The Borough & Corporation of Bedford in 1835
From an article in the SDUK 'Penny Magazine' 1835
Bedford is considered a borough and corporation by prescription, and is so called in all legal proceedings. The first charter on record was granted to the town by Henry II, and the last by Charles II. The corporation consists of a mayor, recorder, two bailiffs, thirteen common-councilmen, and an uncertain number of aldermen, as every who has served the office of mayor is after wards reputed an alderman.

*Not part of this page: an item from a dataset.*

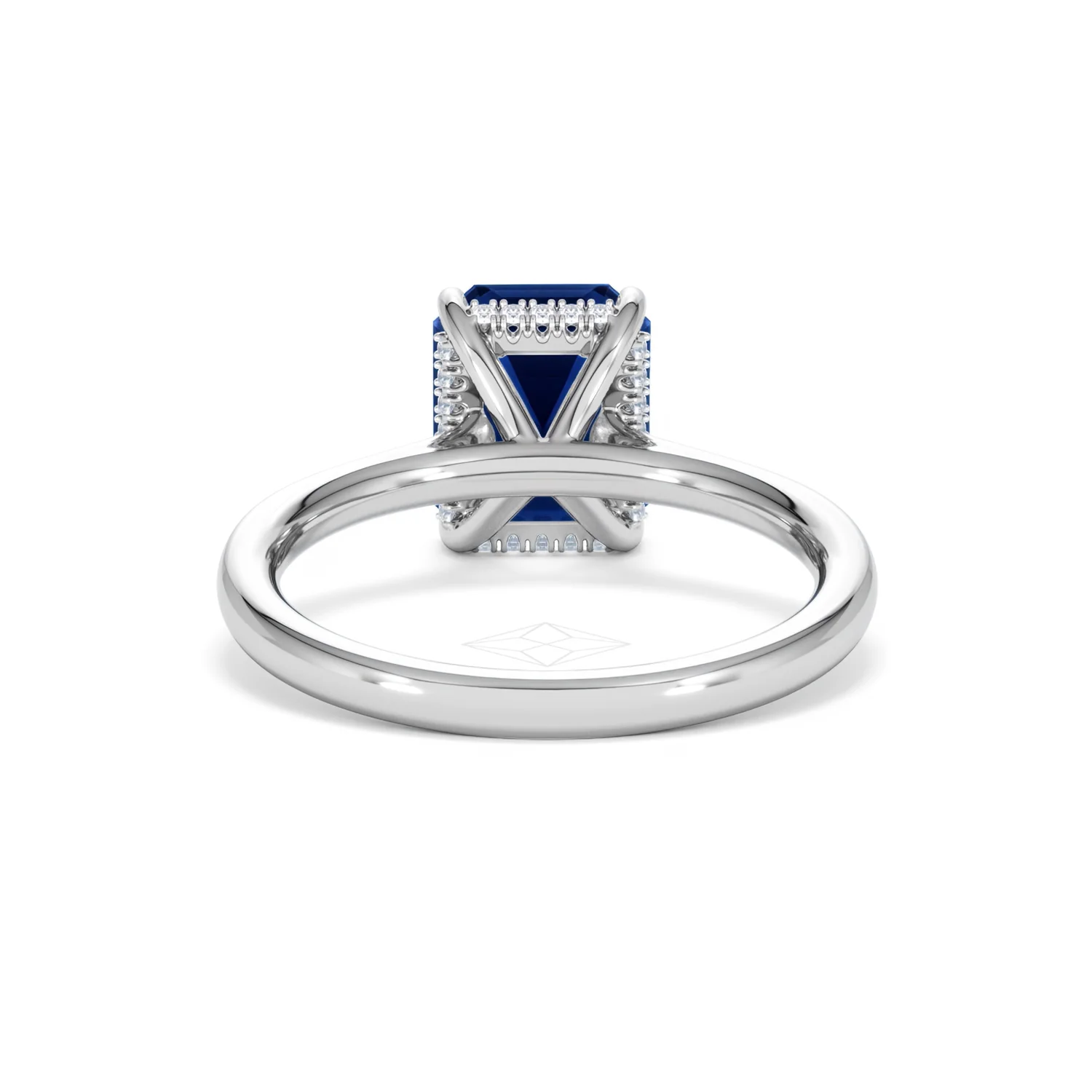 Amora Gem 2.50ct Emerald Cut Lab Sapphire Hidden Halo Engagement Ring in 18K White Gold - Image 49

The manor of Bedford is vested in the corporation by virtue of ancient grants, the earliest of which is that of Henry II, which subjected the burgesses in return to the payment of a fee-farm rent of £40 per annum. This was afterwards raised to £46 ; but in the end was gradually reduced to the sum of £16, 5 shillings, 8 pence, which is now payable to representatives of persons who bought the rent of the crown. The bailiffs for the time being are lords of the manor, and have the right of fishing and taking game to the extent of the bounds, which contains a space of upwards of nine miles in circumference, comprising an area of 2,200 acres. The Boundary Commissioners, in 1831, recommended no alteration of the ancient limit.
The town has sent two members to parliament ever since the year 1295. The right of election was determined, in 1690, to be in the burgesses, freemen, and the inhabitant householders not receiving alms. Under this franchise, the greatest number of electors polled in the first thirty years of this century was 914. In 1831, the borough of Bedford contained 1,446 houses, with a population of 6,959 persons, of whom 3,757 were females.